_Work item_: The lines wanted are those from the one containing "Boohoo Brown Wool Look Keyhole Button Top" to the last line of the entries below; output them exactly, leaving out pictures.

※ ※ ※

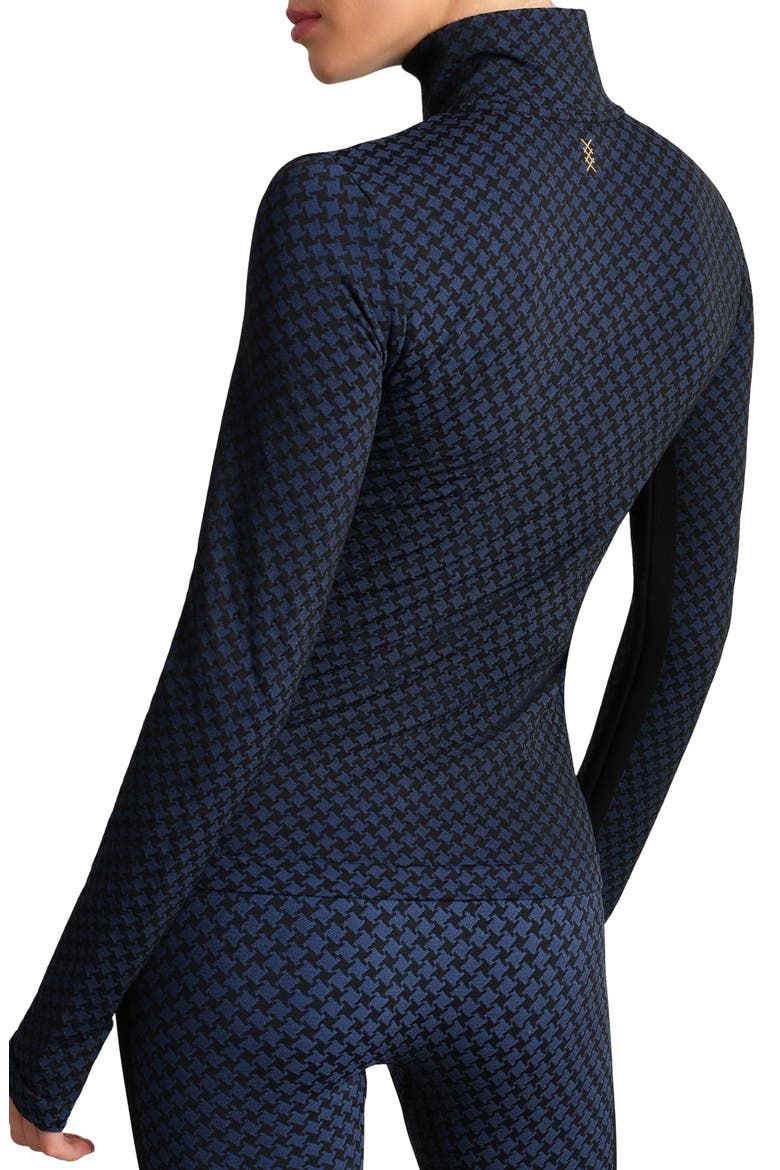 Houndstooth Seamless Half-Zip Pullover, Alternate, color, NAVY BLUE HOUNDS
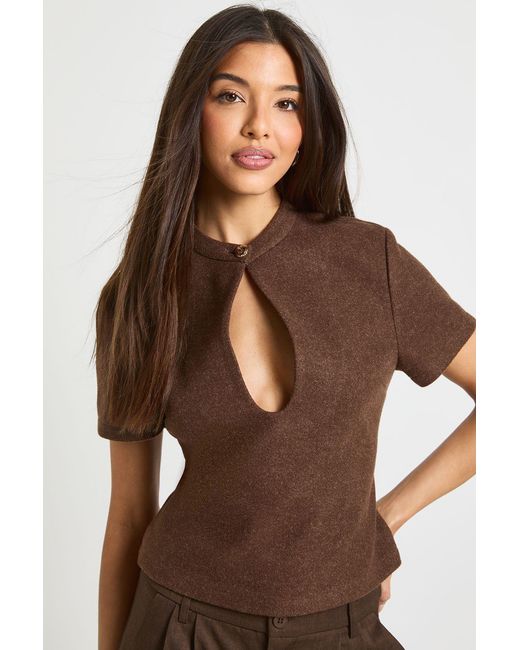 Boohoo Brown Wool Look Keyhole Button Top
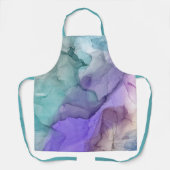 Abstract Blauwgroen en Paars Alcohol Ink Patroon Schort (Voorkant)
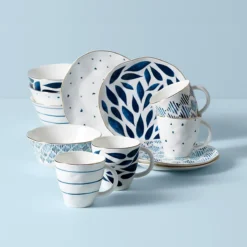 Lenox Blue Bay 12-Piece Dessert Set | Elegant Dinnerware Collection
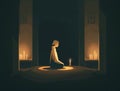 A woman kneels in prayer in a quiet candlelit room as her hands are clasped together in reverence. Lifestyle concept. AI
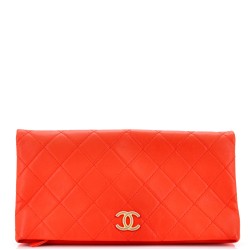 CC Foldover Clutch Quilted Lambskin Large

※ ※ ※

_Response to this task_:
 Boohoo Brown Wool Look Keyhole Button Top
 Abstract Blauwgroen en Paars Alcohol Ink Patroon Schort (Voorkant)
 Lenox Blue Bay 12-Piece Dessert Set | Elegant Dinnerware Collection
 A woman kneels in prayer in a quiet candlelit room as her hands are clasped together in reverence. Lifestyle concept. AI
 CC Foldover Clutch Quilted Lambskin Large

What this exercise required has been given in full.